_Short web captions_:
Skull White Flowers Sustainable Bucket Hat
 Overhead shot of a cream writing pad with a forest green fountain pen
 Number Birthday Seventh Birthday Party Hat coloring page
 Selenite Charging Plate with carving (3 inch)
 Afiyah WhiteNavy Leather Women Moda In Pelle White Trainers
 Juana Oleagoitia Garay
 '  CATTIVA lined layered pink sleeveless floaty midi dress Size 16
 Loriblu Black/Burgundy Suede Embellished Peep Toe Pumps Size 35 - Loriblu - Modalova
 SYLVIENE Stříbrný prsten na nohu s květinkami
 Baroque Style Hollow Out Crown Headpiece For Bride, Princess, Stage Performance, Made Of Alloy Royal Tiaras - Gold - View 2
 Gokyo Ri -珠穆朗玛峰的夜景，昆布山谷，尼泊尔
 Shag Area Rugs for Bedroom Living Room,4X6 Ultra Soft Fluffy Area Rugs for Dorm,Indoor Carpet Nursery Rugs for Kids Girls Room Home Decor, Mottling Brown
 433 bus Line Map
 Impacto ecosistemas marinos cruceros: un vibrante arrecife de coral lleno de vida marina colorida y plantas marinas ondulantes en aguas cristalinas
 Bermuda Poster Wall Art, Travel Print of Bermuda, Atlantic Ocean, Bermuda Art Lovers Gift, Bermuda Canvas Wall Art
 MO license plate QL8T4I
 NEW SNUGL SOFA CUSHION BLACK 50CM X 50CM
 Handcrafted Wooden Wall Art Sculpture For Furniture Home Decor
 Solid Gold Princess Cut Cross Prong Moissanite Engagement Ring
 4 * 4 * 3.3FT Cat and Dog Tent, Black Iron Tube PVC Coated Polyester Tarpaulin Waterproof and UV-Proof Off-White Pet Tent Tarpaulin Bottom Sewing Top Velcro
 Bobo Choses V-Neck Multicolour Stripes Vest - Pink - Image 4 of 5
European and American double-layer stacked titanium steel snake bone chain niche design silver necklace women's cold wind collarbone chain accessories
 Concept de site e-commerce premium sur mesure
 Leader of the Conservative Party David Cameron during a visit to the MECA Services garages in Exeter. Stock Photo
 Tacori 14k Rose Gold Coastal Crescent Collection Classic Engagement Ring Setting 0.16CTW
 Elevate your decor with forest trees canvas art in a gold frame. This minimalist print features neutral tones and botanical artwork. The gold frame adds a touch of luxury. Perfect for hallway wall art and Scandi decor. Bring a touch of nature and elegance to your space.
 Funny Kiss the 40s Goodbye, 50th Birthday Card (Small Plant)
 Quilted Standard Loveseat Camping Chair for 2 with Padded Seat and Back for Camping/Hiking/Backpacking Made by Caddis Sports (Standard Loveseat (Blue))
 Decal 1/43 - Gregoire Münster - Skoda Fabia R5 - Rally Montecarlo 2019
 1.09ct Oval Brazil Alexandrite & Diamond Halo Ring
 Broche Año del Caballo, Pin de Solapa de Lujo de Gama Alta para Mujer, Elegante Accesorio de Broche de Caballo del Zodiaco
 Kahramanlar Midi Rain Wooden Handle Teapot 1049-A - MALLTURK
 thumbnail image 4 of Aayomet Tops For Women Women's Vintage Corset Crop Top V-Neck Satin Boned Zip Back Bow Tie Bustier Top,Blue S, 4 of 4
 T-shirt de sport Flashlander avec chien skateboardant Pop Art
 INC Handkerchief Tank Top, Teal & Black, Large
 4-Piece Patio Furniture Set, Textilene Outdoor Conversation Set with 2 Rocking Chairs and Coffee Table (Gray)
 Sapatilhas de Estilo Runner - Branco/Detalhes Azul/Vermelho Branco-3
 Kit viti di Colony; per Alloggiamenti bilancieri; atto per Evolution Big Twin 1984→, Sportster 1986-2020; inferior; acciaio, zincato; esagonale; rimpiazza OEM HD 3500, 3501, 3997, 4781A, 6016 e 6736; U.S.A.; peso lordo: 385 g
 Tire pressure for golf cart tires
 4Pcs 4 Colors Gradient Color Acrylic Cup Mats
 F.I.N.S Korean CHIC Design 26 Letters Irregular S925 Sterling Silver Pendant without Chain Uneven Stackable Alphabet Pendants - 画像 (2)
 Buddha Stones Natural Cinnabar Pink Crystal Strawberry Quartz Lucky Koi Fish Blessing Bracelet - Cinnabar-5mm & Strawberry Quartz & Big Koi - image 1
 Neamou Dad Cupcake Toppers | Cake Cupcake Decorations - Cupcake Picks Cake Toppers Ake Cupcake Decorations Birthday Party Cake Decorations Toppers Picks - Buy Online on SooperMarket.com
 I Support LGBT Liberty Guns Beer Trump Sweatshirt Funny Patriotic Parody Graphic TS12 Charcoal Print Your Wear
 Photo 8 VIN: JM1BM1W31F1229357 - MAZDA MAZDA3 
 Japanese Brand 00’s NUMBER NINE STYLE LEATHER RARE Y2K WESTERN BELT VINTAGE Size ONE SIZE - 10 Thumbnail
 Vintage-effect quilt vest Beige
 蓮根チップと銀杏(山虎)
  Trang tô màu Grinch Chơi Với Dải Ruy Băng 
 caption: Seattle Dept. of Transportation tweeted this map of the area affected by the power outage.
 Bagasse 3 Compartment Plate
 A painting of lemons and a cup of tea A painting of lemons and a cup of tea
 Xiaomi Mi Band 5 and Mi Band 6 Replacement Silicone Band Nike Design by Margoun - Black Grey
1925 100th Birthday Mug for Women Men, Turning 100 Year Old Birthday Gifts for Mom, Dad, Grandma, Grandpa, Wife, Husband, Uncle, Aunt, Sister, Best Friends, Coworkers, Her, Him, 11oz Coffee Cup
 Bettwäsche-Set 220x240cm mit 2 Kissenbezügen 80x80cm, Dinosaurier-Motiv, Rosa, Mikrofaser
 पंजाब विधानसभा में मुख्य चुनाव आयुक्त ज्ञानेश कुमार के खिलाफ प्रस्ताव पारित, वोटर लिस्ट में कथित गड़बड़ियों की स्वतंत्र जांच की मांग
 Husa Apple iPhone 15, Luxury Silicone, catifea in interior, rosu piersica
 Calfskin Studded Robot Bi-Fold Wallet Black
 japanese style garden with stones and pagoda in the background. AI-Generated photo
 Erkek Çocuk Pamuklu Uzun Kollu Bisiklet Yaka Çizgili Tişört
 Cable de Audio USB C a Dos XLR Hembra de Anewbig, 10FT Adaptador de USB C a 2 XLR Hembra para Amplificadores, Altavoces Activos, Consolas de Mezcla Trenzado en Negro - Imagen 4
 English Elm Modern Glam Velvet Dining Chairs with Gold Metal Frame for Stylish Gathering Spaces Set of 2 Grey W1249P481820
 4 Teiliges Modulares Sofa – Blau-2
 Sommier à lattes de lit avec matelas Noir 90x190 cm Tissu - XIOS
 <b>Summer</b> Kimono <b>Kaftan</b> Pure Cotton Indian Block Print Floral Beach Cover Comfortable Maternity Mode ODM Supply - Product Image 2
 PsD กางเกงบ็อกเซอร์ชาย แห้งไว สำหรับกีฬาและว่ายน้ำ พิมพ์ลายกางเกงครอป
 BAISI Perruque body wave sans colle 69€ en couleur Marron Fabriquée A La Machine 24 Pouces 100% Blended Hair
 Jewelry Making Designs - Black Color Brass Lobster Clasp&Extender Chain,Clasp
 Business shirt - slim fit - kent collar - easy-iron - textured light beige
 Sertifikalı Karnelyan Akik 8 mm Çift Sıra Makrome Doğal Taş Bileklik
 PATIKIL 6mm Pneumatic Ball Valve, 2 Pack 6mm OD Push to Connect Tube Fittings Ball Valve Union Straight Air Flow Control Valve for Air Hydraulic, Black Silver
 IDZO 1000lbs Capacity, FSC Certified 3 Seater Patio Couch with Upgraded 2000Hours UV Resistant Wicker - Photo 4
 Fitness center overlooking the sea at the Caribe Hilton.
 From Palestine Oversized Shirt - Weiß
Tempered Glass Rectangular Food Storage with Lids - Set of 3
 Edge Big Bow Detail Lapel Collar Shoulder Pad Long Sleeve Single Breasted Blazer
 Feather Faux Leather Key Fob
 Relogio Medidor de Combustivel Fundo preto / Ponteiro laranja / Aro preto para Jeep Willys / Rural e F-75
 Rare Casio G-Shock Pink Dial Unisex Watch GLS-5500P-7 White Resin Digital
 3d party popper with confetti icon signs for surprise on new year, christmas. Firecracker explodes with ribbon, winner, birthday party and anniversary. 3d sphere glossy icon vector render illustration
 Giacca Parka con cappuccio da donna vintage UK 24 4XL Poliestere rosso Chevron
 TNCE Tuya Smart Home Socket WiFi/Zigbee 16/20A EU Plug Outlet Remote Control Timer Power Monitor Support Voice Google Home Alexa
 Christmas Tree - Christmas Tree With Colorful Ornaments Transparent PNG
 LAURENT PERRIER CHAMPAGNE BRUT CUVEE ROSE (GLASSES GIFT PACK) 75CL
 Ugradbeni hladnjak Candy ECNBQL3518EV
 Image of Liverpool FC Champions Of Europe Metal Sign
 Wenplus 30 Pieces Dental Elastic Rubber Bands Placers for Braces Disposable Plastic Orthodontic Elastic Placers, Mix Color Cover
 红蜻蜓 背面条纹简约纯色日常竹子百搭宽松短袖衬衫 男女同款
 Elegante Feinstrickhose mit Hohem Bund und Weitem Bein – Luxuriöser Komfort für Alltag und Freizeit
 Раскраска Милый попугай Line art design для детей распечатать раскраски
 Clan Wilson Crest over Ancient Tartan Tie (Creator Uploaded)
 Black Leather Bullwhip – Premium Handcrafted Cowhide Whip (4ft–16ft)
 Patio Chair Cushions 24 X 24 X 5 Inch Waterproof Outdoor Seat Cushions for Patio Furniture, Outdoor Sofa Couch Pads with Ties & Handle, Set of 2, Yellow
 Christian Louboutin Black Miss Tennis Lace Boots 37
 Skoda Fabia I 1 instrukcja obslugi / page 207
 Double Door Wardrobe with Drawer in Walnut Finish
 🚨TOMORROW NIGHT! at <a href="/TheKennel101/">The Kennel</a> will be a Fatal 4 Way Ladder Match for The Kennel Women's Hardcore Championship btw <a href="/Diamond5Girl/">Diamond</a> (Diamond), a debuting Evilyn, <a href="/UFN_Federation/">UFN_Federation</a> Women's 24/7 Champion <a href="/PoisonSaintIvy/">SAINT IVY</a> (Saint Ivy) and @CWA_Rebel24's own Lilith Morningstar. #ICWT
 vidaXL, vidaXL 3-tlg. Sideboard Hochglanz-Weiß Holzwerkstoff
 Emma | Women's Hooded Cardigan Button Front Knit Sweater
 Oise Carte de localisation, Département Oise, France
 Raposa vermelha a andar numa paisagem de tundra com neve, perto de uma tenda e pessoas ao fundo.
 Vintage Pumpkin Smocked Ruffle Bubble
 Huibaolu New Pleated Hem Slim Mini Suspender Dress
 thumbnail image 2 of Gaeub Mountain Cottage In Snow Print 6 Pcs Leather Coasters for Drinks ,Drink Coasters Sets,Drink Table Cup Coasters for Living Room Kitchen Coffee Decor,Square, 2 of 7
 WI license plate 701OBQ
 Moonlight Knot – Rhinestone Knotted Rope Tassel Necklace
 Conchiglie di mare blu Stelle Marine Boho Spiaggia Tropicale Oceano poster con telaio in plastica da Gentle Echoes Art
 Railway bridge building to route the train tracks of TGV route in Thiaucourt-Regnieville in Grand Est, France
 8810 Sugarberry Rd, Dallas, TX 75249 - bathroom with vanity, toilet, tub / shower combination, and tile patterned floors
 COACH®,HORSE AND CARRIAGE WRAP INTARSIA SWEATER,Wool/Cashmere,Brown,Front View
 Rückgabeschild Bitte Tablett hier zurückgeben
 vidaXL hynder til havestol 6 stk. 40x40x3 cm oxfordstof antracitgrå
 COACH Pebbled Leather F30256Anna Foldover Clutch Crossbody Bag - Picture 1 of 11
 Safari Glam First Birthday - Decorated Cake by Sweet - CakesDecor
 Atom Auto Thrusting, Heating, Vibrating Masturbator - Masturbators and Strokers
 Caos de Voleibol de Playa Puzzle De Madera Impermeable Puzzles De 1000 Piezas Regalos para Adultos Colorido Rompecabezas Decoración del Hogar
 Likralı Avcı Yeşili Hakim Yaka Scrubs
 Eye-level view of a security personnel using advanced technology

_Your assignment_:
There is a line with "T-shirt de sport" and a line with "4-Piece Patio Furniture" above. Copy exactly those two lines and all lines between them, with nothing else.

_Exercise output_:
 T-shirt de sport Flashlander avec chien skateboardant Pop Art
 INC Handkerchief Tank Top, Teal & Black, Large
 4-Piece Patio Furniture Set, Textilene Outdoor Conversation Set with 2 Rocking Chairs and Coffee Table (Gray)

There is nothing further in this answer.